### EXCERPTED RECORDS
-*-*-

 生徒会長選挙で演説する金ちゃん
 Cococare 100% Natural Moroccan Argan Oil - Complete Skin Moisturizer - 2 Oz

-*-*-

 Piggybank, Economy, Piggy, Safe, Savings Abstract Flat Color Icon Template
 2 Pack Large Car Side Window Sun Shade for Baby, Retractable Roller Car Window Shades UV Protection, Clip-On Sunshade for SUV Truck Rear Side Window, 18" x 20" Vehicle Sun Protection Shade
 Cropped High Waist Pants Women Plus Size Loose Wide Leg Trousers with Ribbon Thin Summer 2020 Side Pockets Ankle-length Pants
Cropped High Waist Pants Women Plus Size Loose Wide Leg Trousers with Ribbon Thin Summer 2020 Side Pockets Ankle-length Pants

-*-*-

### WHAT YOU NEED TO DO
Search the entries above for lines containing the word "Size", and copy each one.

### RESPONSE TO THE EXERCISE
 Cropped High Waist Pants Women Plus Size Loose Wide Leg Trousers with Ribbon Thin Summer 2020 Side Pockets Ankle-length Pants
Cropped High Waist Pants Women Plus Size Loose Wide Leg Trousers with Ribbon Thin Summer 2020 Side Pockets Ankle-length Pants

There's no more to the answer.